# Required work
Only these lines are needed: the first line of the entries below through the line with "Charlotte Stein Quotes: Too", each returned exactly.

# Caption-style text data
▼

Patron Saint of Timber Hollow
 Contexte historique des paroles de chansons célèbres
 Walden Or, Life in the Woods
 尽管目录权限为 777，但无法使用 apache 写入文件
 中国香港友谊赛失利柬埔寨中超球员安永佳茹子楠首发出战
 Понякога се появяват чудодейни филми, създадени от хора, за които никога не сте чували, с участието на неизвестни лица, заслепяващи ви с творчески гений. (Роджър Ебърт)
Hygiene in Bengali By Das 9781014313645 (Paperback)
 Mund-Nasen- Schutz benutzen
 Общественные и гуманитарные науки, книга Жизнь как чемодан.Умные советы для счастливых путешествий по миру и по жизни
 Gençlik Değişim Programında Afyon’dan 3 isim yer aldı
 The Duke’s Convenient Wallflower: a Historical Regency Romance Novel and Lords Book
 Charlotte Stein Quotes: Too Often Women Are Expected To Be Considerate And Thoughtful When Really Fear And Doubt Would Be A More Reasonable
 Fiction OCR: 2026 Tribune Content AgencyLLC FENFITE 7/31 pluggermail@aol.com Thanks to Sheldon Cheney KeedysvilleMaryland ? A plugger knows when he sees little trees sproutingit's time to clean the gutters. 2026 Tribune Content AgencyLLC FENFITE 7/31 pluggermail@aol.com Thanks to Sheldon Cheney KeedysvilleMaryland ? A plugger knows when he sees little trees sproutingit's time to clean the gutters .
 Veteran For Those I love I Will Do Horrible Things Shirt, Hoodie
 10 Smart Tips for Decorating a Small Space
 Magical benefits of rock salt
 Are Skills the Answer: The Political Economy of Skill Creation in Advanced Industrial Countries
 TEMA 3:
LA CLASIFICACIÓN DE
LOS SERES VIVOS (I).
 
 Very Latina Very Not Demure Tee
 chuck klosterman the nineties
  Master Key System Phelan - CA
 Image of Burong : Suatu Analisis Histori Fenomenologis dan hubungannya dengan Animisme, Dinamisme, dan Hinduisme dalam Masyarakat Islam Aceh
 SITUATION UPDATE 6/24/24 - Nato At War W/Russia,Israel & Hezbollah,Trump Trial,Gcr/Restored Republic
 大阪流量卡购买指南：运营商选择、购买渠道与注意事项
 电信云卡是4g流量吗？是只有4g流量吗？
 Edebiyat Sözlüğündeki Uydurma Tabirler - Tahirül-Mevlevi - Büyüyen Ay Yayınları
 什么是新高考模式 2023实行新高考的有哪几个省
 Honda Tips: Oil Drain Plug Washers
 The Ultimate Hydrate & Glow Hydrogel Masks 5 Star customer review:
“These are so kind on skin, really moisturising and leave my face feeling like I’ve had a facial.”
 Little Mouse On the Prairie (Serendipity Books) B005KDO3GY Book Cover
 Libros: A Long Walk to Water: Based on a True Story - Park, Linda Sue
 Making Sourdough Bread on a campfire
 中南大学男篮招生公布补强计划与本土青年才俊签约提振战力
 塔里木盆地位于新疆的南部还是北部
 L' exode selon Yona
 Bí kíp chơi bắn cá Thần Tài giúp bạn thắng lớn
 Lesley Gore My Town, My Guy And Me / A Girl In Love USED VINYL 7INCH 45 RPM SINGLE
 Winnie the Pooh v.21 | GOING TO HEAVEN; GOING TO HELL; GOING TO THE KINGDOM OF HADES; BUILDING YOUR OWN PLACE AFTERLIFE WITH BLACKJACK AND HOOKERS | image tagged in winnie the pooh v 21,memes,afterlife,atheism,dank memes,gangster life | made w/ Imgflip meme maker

▲

# Answer to this task
Patron Saint of Timber Hollow
 Contexte historique des paroles de chansons célèbres
 Walden Or, Life in the Woods
 尽管目录权限为 777，但无法使用 apache 写入文件
 中国香港友谊赛失利柬埔寨中超球员安永佳茹子楠首发出战
 Понякога се появяват чудодейни филми, създадени от хора, за които никога не сте чували, с участието на неизвестни лица, заслепяващи ви с творчески гений. (Роджър Ебърт)
Hygiene in Bengali By Das 9781014313645 (Paperback)
 Mund-Nasen- Schutz benutzen
 Общественные и гуманитарные науки, книга Жизнь как чемодан.Умные советы для счастливых путешествий по миру и по жизни
 Gençlik Değişim Programında Afyon’dan 3 isim yer aldı
 The Duke’s Convenient Wallflower: a Historical Regency Romance Novel and Lords Book
 Charlotte Stein Quotes: Too Often Women Are Expected To Be Considerate And Thoughtful When Really Fear And Doubt Would Be A More Reasonable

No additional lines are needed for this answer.